On the last day of elementary school my librarian read Dr.Seuss’s “Oh, the Places You’ll Go!”, at the time being a cool fifth grader, I thought we out grew Dr. Seuss and his childish stories, so I just sat back and listened to my librarian treat us as if we were first graders.
Years went by, and I hadn’t heard one story by Dr.Seuss, until my senior year of high school. My English teacher read us “Oh, the Places You’ll Go!”, and now I understood why my elementary school librarian wanted to end our education with some inspiration. The story touches on the topics of exploring the world, and as a child I thought the book was referring to the many vacations I would take with my parents. Now looking back on my shallow understanding of Dr. Seuss’s writing I am inspired by the intricate writing found within.
“Oh, the Places You’ll Go!” may be a child’s book, but the lessons within the text are addressed to anyone, as a child you may only understand the literal meaning of the words, but with education and time the deeper understanding is revealed. Just like in Dr. Ellis’s Tattooing the World, “the tattoo designs, like print characters, appear to be the stuff on which meaning is made” (3).
Tattoo’s signify more then the actual symbol or pattern on the skin, but a statement and expression of the soul. The symbol of getting a tattoo represents importance a person holds on the pattern or image that they place on their body. Just like “Oh, the Places You’ll Go!” now that I understand the deeper meaning within the book, I can pass on the experience and lessons found hidden within the text. Now the person with the tattoo can share their story and hidden meaning (if they want to) to the viewer.
As Dr. Seuss states: “You have brains in your head. You have feet in your shoes. You can steer yourself any direction you choose. You're on your own, and you know what you know. And you are the one who'll decide where you'll go. Oh the places you'll go.” The text may describe an actual ‘vacation’ or trip, but the true meaning is behind the surface.
Just like tattoo literature or any form of art supplies the viewer with inspiration, forcing them into a new world of imagination. As Dr. Ellis states, tattoo “involves both surface and depth [that] makes visible the simultaneous intensification and joining of the interior and the exterior” (18). Tattoo is an instrument to understanding a person, by representing their story with art on their skin.
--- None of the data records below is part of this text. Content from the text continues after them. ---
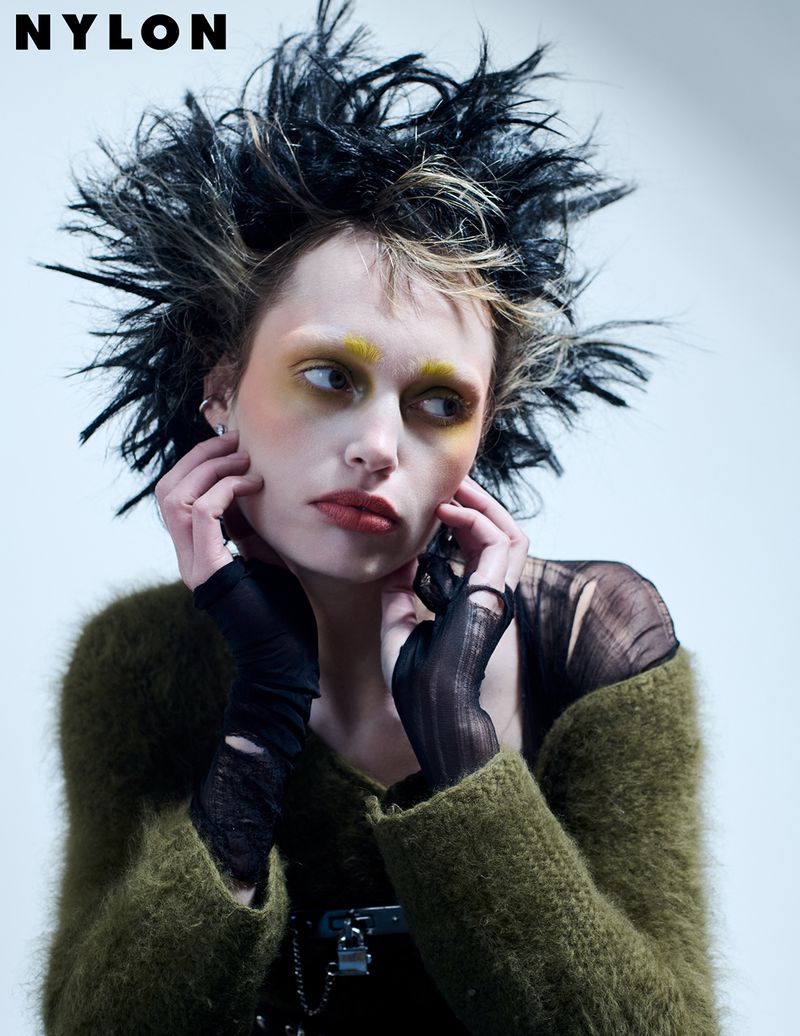 Editorial fashion shot of a woman with creative makeup and spiky hair wearing an olive sweater and black gloves, hands near face, against white background.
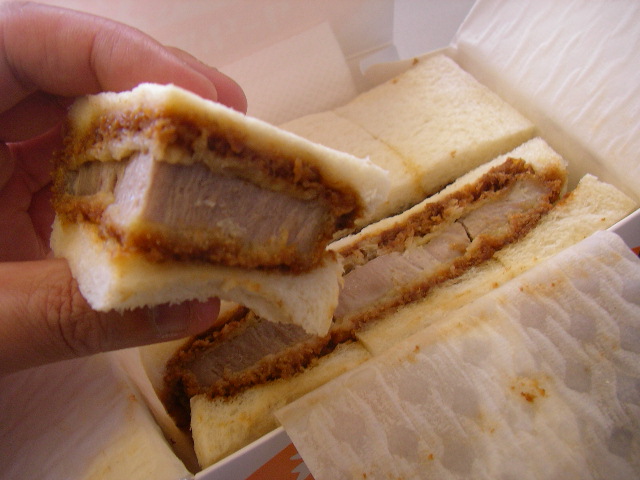 a hand holding a pastry filled with meat inside of a box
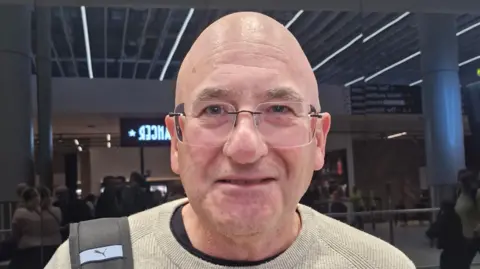Bald man with frameless glasses and light coloured jumper smiles at the camera. In the background people can be seen gathered in an airport arrivals terminal.
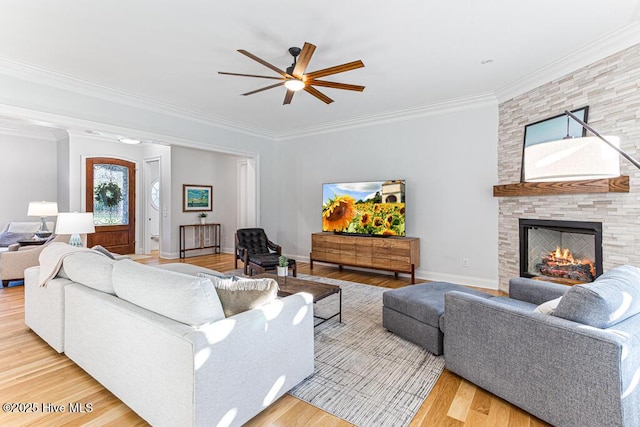 177 National Dr, Pinehurst, NC 28374 - living area with a ceiling fan, a fireplace, wood finished floors, crown molding, and baseboards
Also this concept can be related back to C.S. Lewis’s “Voyage of the Dawn Treader”, where the picture on the wall pulled the children into their own world. Art serves as a window for imagination and inspiration. Also Lewis’s writing like Dr. Seuss’s writing demonstrates the important role that age and education has on understanding. The two authors writing appeals to children, but a deeper meaning can be made by the same individual as they age. Dr. Ellis discusses how tattoo embodies the same characteristics, and stresses the importance of perspective on interpretation of art.